_Task instructions_. Each line below must be reproduced exactly, though the pictures are to be dropped.

··· Provided information

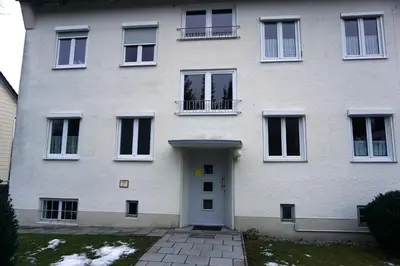Das Gebäude in dem sich die Ferienwohnung befindet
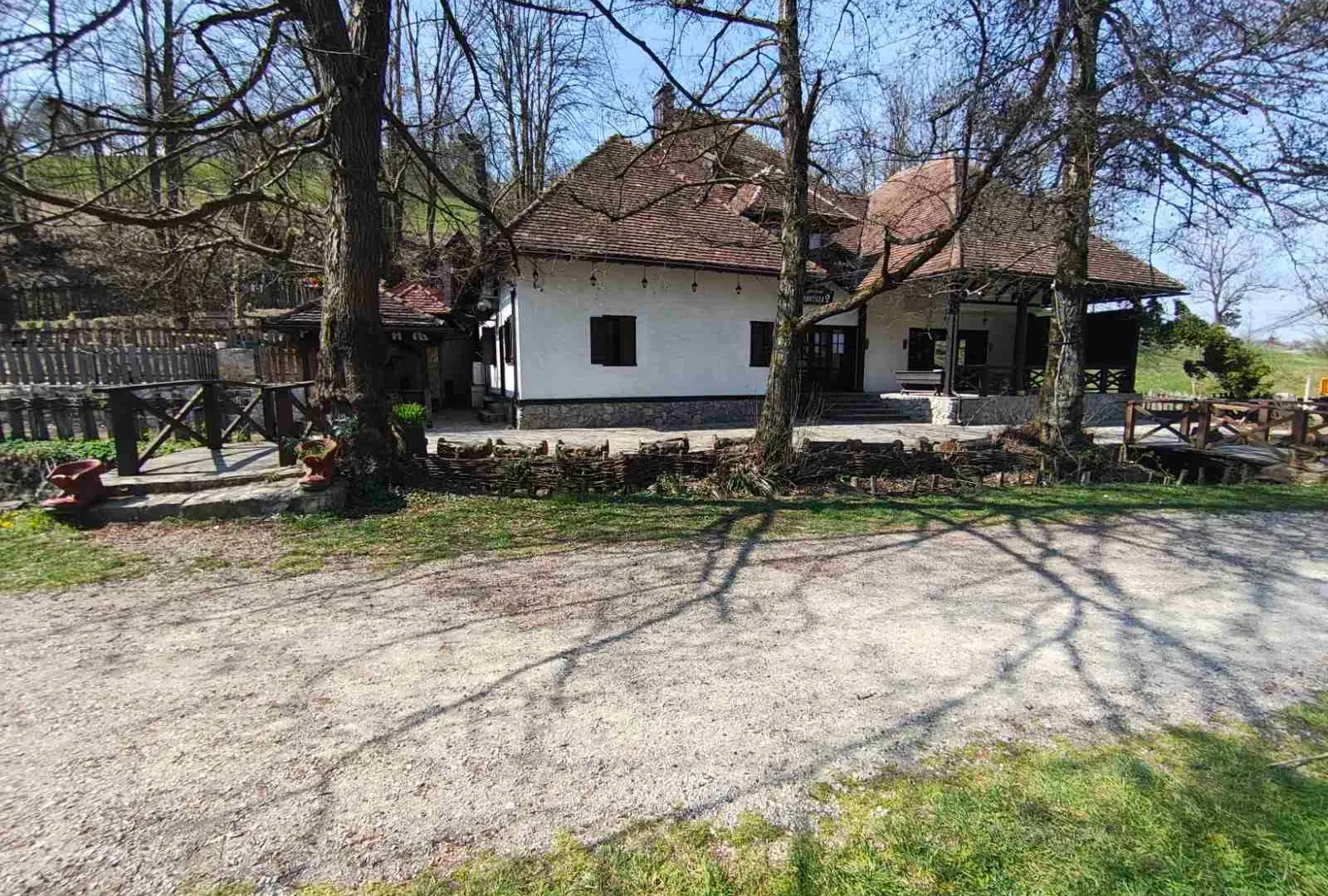 Rent, office space, 210m², Tršić, Loznica
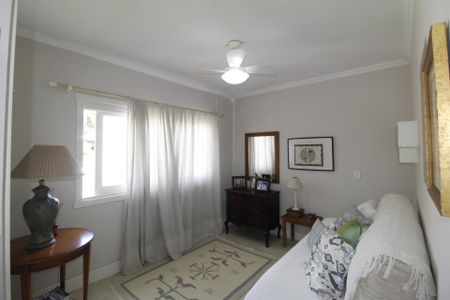 Casa para alugar com 990m², 6 quartos e 8 vagasSuíte 4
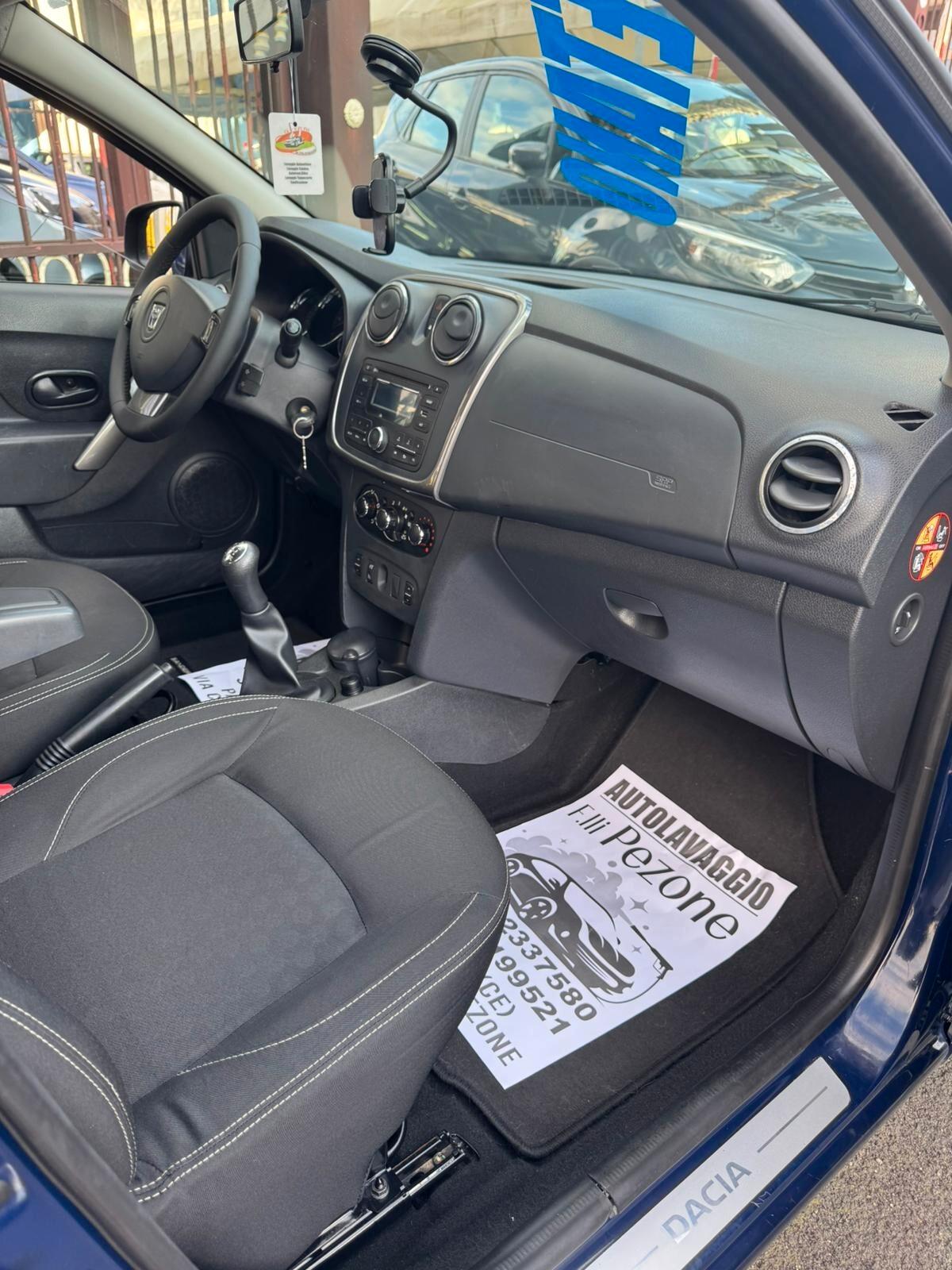 Dacia Sandero 1.2 75CV Lauréate METANO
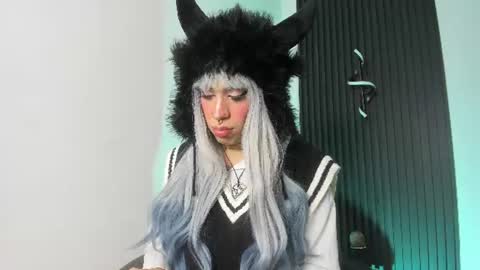 Catt Noir online show from June 25, 2026, 8:24 pm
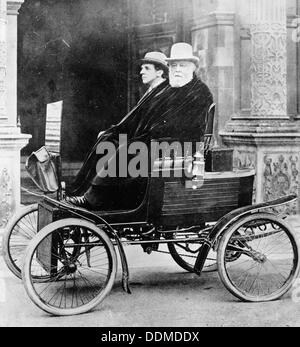 Lord Salisbury an Bord einer Lokomobile Dampf Auto, (c 1902?). Artist: Unbekannt Stockfoto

······

_Expected answer_.
Das Gebäude in dem sich die Ferienwohnung befindet
 Rent, office space, 210m², Tršić, Loznica
 Casa para alugar com 990m², 6 quartos e 8 vagasSuíte 4
 Dacia Sandero 1.2 75CV Lauréate METANO
 Catt Noir online show from June 25, 2026, 8:24 pm
 Lord Salisbury an Bord einer Lokomobile Dampf Auto, (c 1902?). Artist: Unbekannt Stockfoto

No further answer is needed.